Because the house contributes to a historic district, the report rates the demolition a significant and unavoidable impact — the label California environmental law puts on damage that mitigation can’t fix. The mitigation on offer is documentation: the house gets formally photographed and recorded before it comes down.
The corner itself is the reason. The city counted 10 reported collisions in the project area over the most recent five-year study period, a rate above the statewide average for similar intersections, and its 2022 Local Roadway Safety Plan ranks this stretch of Silverado Trail — which doubles as state Highway 121 — among the highest-injury corridors in Napa. The design puts a four-leg roundabout at Silverado Trail, Third Street and East Avenue and a smaller three-leg roundabout at Coombsville Road, stitched together with a 10-foot shared-use path.

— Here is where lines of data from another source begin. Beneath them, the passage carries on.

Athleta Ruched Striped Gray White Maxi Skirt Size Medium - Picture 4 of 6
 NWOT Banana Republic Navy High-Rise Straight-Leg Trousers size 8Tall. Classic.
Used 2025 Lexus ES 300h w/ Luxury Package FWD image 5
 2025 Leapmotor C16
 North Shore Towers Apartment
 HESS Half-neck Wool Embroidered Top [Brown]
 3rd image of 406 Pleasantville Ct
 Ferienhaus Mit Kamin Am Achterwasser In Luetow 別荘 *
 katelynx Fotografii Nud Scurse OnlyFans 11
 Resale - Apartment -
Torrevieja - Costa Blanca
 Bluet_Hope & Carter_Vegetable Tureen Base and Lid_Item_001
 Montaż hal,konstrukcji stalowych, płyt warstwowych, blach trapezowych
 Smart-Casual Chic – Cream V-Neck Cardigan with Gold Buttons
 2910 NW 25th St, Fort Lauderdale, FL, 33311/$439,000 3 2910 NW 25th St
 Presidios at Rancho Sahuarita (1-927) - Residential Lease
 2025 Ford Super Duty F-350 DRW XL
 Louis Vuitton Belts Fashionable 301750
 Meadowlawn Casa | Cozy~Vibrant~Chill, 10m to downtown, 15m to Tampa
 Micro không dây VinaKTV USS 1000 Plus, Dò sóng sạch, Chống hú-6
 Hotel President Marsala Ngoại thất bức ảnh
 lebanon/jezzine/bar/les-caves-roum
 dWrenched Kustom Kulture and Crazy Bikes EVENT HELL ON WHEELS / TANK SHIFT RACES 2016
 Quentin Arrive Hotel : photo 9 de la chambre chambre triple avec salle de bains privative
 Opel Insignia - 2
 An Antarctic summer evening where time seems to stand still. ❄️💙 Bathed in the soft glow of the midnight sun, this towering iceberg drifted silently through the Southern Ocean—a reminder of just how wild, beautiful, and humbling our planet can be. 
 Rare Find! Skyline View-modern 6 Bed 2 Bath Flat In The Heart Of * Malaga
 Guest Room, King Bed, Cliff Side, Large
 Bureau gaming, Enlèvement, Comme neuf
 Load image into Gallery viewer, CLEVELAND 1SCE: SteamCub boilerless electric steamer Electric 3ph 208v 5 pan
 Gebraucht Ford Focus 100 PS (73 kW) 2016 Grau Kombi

The council chose this layout — Alternative 5F in the planning files — on Feb. 7, 2017, after winnowing 13 concepts. One rejected option would have spared the Rossi house, but it required buying four commercial properties outright, cut into the state-owned Napa Valley Expo grounds and drew neighborhood doubts about whether it could still handle traffic in 2040. The chosen design takes one home and slices smaller pieces from nine other parcels, including Napa Tire & Wheels, Posh Motors and Napa Marble & Granite Works.
The money just fell into place
What changed this spring is the checkbook. On May 20, the Napa Valley Transportation Authority board put the last $2 million into the project’s right-of-way phase — state Local Partnership Program incentive money the agency qualified for after county voters passed the Measure U sales tax in 2024. That completes a $5.15 million land-purchase budget, alongside $1.15 million from the state transportation improvement program and $2 million in federal One Bay Area Grant funds.
The vote matters because of a rule the authority’s staff spelled out plainly: Caltrans “will not enter into a cooperative agreement for any phase that is not fully funded.” Until the gap closed, the city could not sign the agreement that lets it start buying property on a state highway. Now it can.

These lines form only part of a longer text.